Researchers at CyberArk have discovered an odd behavior in the way Windows Defender scans files. CyberArc found that Defender can be bypassed when a user requests a file from a compromised SMB server. CyberArk’s Illusion Gap attack can effectively allow a malicious users to bypass the antivirus scanner. While CyberArk has yet to test this with other antivirus software, they suspect the issue “may possibly exist” with them as well.

How Illusion Gap is possible

CyberArk discovered two ways to bypass Windows Defender. Both methods to bypass Defender takes advantage of the API calls used by the software to request a file for scanning. Before we dive into the details, here is a brief rundown of how a Windows Defender scan works. Every time a file is requested from an SMB server, Defender requests the file first and will scan it. Once the scan is complete and the file is found to not be malicious the computer will then request and download the file.

In the first attack, the API call is different when Defender requests a file versus when the user request the file. Windows Defender uses the NtCreateFile(filename) while a standard user request uses NtCreateUserProcess(filename). This allows the server to recognize a request from Windows Defender.

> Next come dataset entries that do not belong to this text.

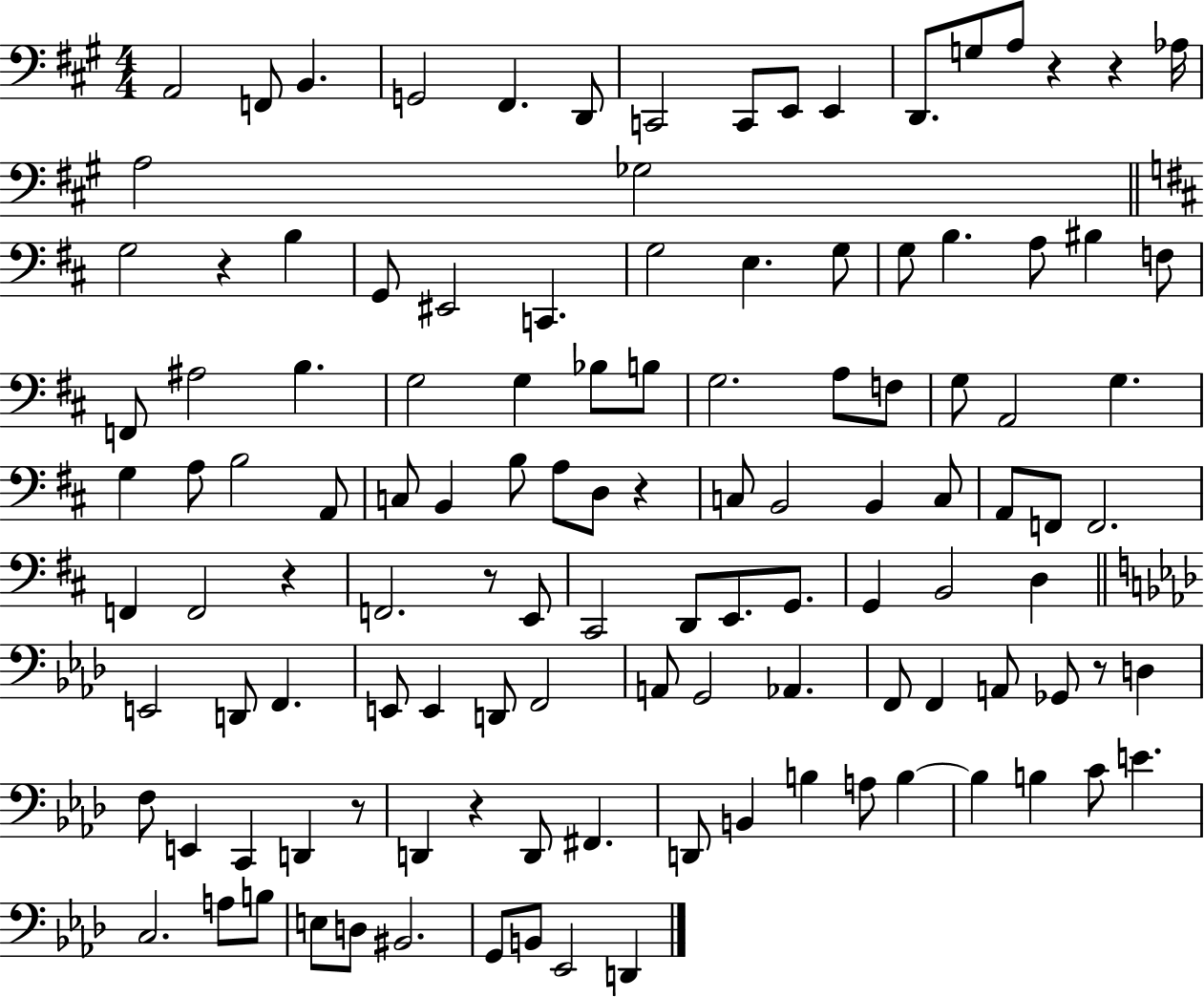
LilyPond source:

{
  \clef bass
  \numericTimeSignature
  \time 4/4
  \key a \major
  a,2 f,8 b,4. | g,2 fis,4. d,8 | c,2 c,8 e,8 e,4 | d,8. g8 a8 r4 r4 aes16 | \break a2 ges2 | \bar "||" \break \key d \major g2 r4 b4 | g,8 eis,2 c,4. | g2 e4. g8 | g8 b4. a8 bis4 f8 | \break f,8 ais2 b4. | g2 g4 bes8 b8 | g2. a8 f8 | g8 a,2 g4. | \break g4 a8 b2 a,8 | c8 b,4 b8 a8 d8 r4 | c8 b,2 b,4 c8 | a,8 f,8 f,2. | \break f,4 f,2 r4 | f,2. r8 e,8 | cis,2 d,8 e,8. g,8. | g,4 b,2 d4 | \break \bar "||" \break \key aes \major e,2 d,8 f,4. | e,8 e,4 d,8 f,2 | a,8 g,2 aes,4. | f,8 f,4 a,8 ges,8 r8 d4 | \break f8 e,4 c,4 d,4 r8 | d,4 r4 d,8 fis,4. | d,8 b,4 b4 a8 b4~~ | b4 b4 c'8 e'4. | \break c2. a8 b8 | e8 d8 bis,2. | g,8 b,8 ees,2 d,4 | \bar "|."
} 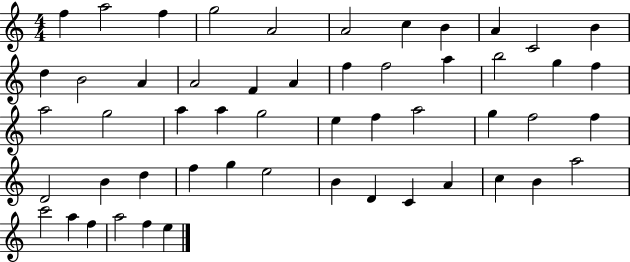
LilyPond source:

{
  \clef treble
  \numericTimeSignature
  \time 4/4
  \key c \major
  f''4 a''2 f''4 | g''2 a'2 | a'2 c''4 b'4 | a'4 c'2 b'4 | \break d''4 b'2 a'4 | a'2 f'4 a'4 | f''4 f''2 a''4 | b''2 g''4 f''4 | \break a''2 g''2 | a''4 a''4 g''2 | e''4 f''4 a''2 | g''4 f''2 f''4 | \break d'2 b'4 d''4 | f''4 g''4 e''2 | b'4 d'4 c'4 a'4 | c''4 b'4 a''2 | \break c'''2 a''4 f''4 | a''2 f''4 e''4 | \bar "|."
} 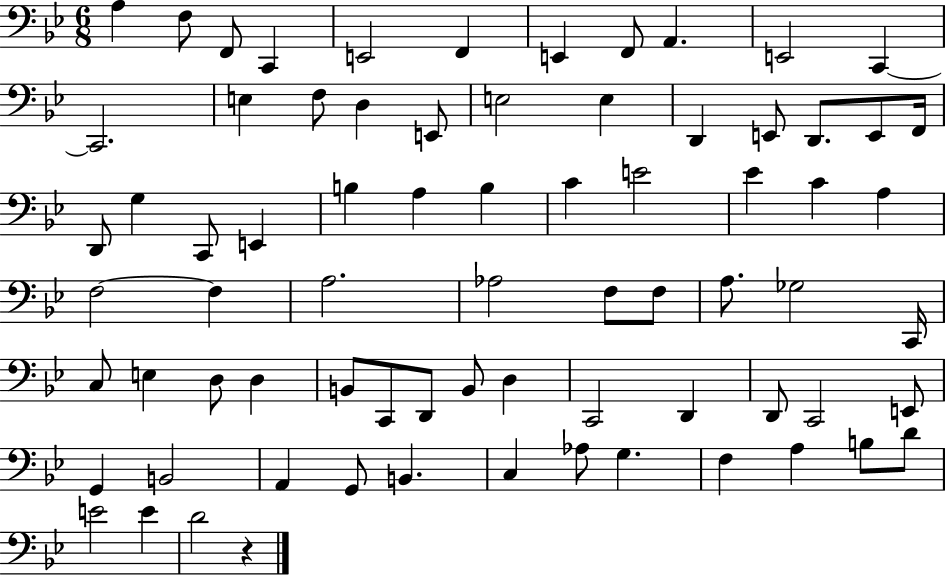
{
  \clef bass
  \numericTimeSignature
  \time 6/8
  \key bes \major
  \repeat volta 2 { a4 f8 f,8 c,4 | e,2 f,4 | e,4 f,8 a,4. | e,2 c,4~~ | \break c,2. | e4 f8 d4 e,8 | e2 e4 | d,4 e,8 d,8. e,8 f,16 | \break d,8 g4 c,8 e,4 | b4 a4 b4 | c'4 e'2 | ees'4 c'4 a4 | \break f2~~ f4 | a2. | aes2 f8 f8 | a8. ges2 c,16 | \break c8 e4 d8 d4 | b,8 c,8 d,8 b,8 d4 | c,2 d,4 | d,8 c,2 e,8 | \break g,4 b,2 | a,4 g,8 b,4. | c4 aes8 g4. | f4 a4 b8 d'8 | \break e'2 e'4 | d'2 r4 | } \bar "|."
} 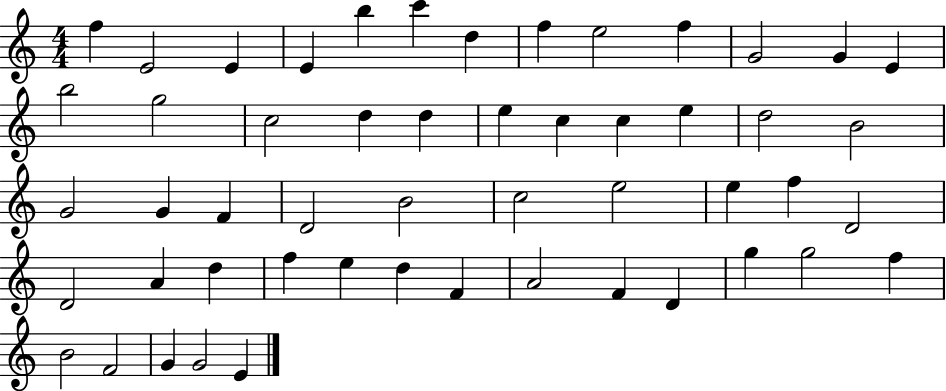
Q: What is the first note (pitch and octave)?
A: F5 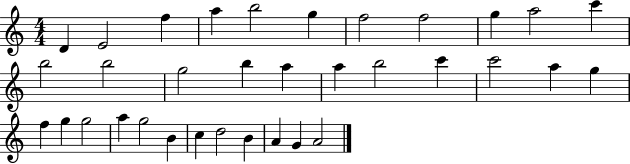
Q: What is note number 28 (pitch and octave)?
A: B4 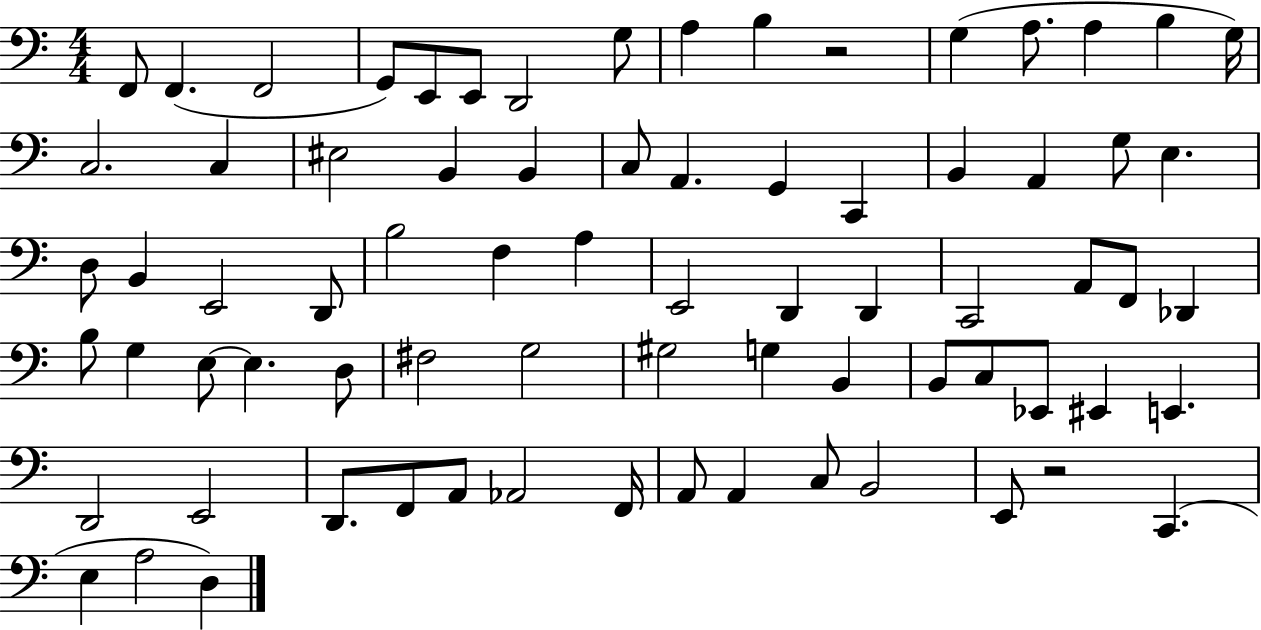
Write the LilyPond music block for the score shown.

{
  \clef bass
  \numericTimeSignature
  \time 4/4
  \key c \major
  f,8 f,4.( f,2 | g,8) e,8 e,8 d,2 g8 | a4 b4 r2 | g4( a8. a4 b4 g16) | \break c2. c4 | eis2 b,4 b,4 | c8 a,4. g,4 c,4 | b,4 a,4 g8 e4. | \break d8 b,4 e,2 d,8 | b2 f4 a4 | e,2 d,4 d,4 | c,2 a,8 f,8 des,4 | \break b8 g4 e8~~ e4. d8 | fis2 g2 | gis2 g4 b,4 | b,8 c8 ees,8 eis,4 e,4. | \break d,2 e,2 | d,8. f,8 a,8 aes,2 f,16 | a,8 a,4 c8 b,2 | e,8 r2 c,4.( | \break e4 a2 d4) | \bar "|."
} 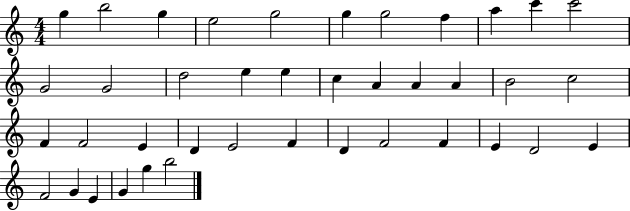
G5/q B5/h G5/q E5/h G5/h G5/q G5/h F5/q A5/q C6/q C6/h G4/h G4/h D5/h E5/q E5/q C5/q A4/q A4/q A4/q B4/h C5/h F4/q F4/h E4/q D4/q E4/h F4/q D4/q F4/h F4/q E4/q D4/h E4/q F4/h G4/q E4/q G4/q G5/q B5/h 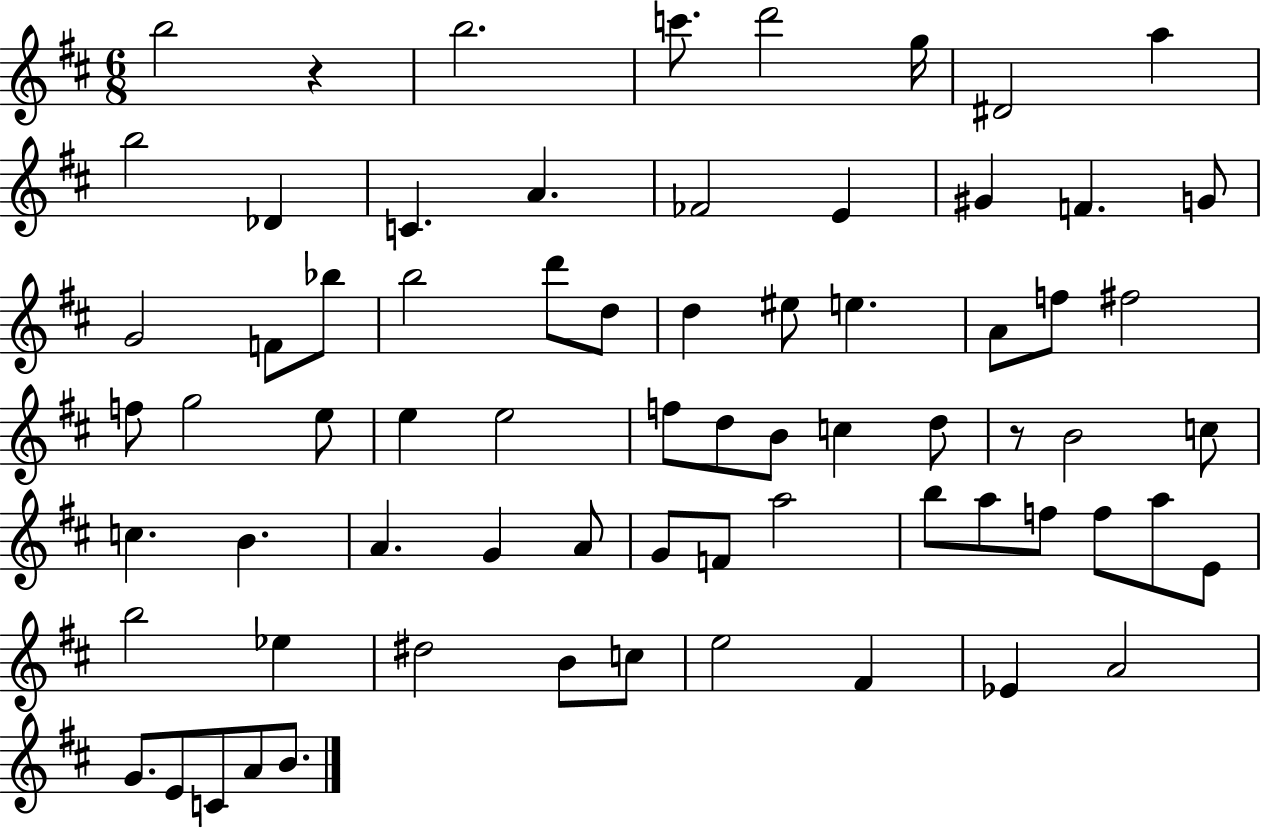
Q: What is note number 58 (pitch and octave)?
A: B4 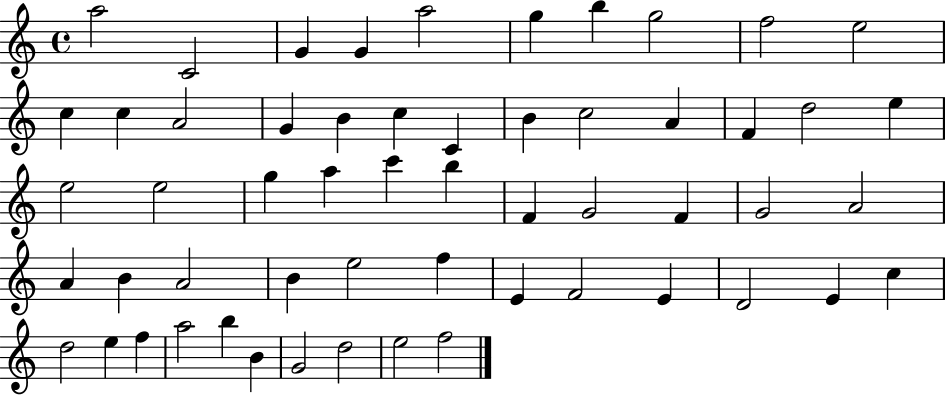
X:1
T:Untitled
M:4/4
L:1/4
K:C
a2 C2 G G a2 g b g2 f2 e2 c c A2 G B c C B c2 A F d2 e e2 e2 g a c' b F G2 F G2 A2 A B A2 B e2 f E F2 E D2 E c d2 e f a2 b B G2 d2 e2 f2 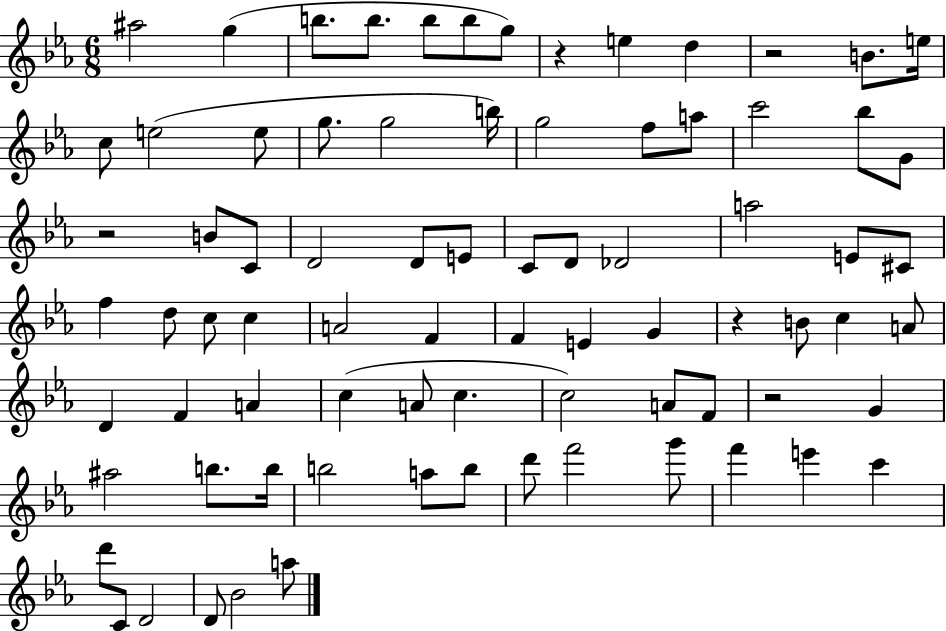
{
  \clef treble
  \numericTimeSignature
  \time 6/8
  \key ees \major
  ais''2 g''4( | b''8. b''8. b''8 b''8 g''8) | r4 e''4 d''4 | r2 b'8. e''16 | \break c''8 e''2( e''8 | g''8. g''2 b''16) | g''2 f''8 a''8 | c'''2 bes''8 g'8 | \break r2 b'8 c'8 | d'2 d'8 e'8 | c'8 d'8 des'2 | a''2 e'8 cis'8 | \break f''4 d''8 c''8 c''4 | a'2 f'4 | f'4 e'4 g'4 | r4 b'8 c''4 a'8 | \break d'4 f'4 a'4 | c''4( a'8 c''4. | c''2) a'8 f'8 | r2 g'4 | \break ais''2 b''8. b''16 | b''2 a''8 b''8 | d'''8 f'''2 g'''8 | f'''4 e'''4 c'''4 | \break d'''8 c'8 d'2 | d'8 bes'2 a''8 | \bar "|."
} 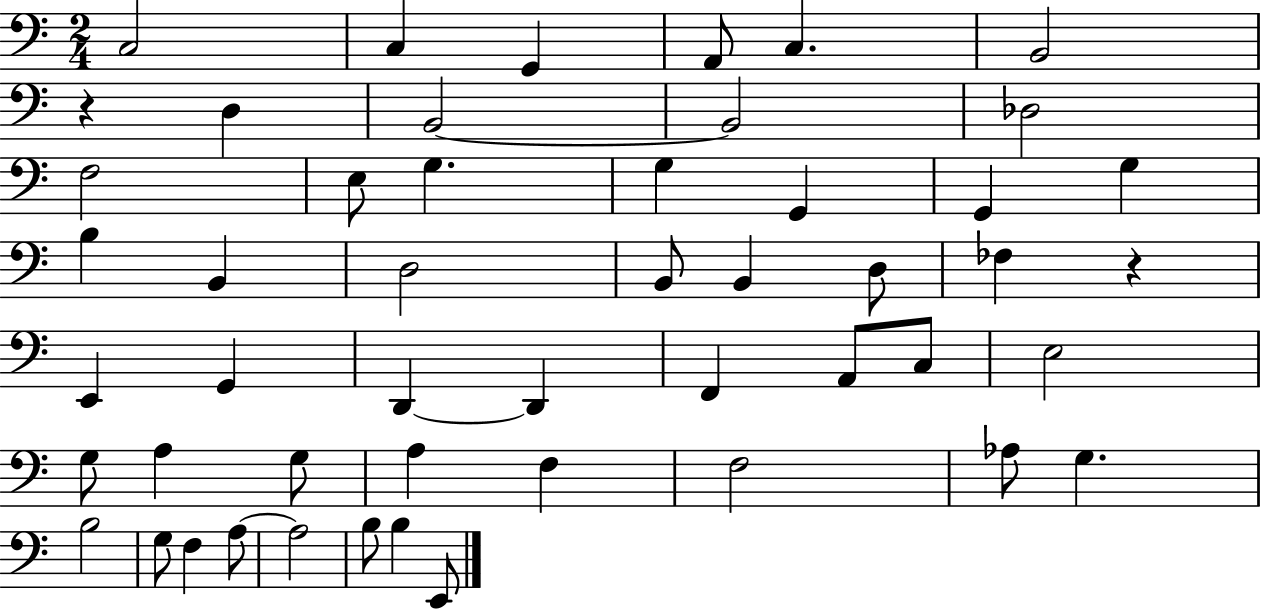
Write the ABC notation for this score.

X:1
T:Untitled
M:2/4
L:1/4
K:C
C,2 C, G,, A,,/2 C, B,,2 z D, B,,2 B,,2 _D,2 F,2 E,/2 G, G, G,, G,, G, B, B,, D,2 B,,/2 B,, D,/2 _F, z E,, G,, D,, D,, F,, A,,/2 C,/2 E,2 G,/2 A, G,/2 A, F, F,2 _A,/2 G, B,2 G,/2 F, A,/2 A,2 B,/2 B, E,,/2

windows defender illusion gap diagram
cyberark.com – windows defender illusion gap diagram

From Cyberark:

  1. First, the Windows PE Loader requests the file’s content to create the process.
  2. The SMB server identifies the request coming from Windows PE Loader and serves the malicious file.
  3. Windows Defender requests the file content to scan it.
  4. The SMB server identifies the request coming from Windows Defender and either serves a benign file or blocks the handle creation request.

Notice the two options that the SMB server can do with Defender’s request? For the second attack, If the malicious SMB server blocks the request then Defender will just “give up” and let the file run.

Microsoft’s response to Illusion Gap

CyberArk reached out to inform Microsoft of the attack. Microsoft responded that this does not seem to be a security flaw but a feature request.

“Thanks for your email. Based on your report, successful attack requires a user to run/trust content from an untrusted SMB share backed by a custom server that can change its behavior depending on the access pattern. This doesn’t seem to be a security issue but a feature request which I have forwarded to the engineering group.

Thanks again for reporting security issues to Microsoft responsibly and we appreciate your effort in doing so.”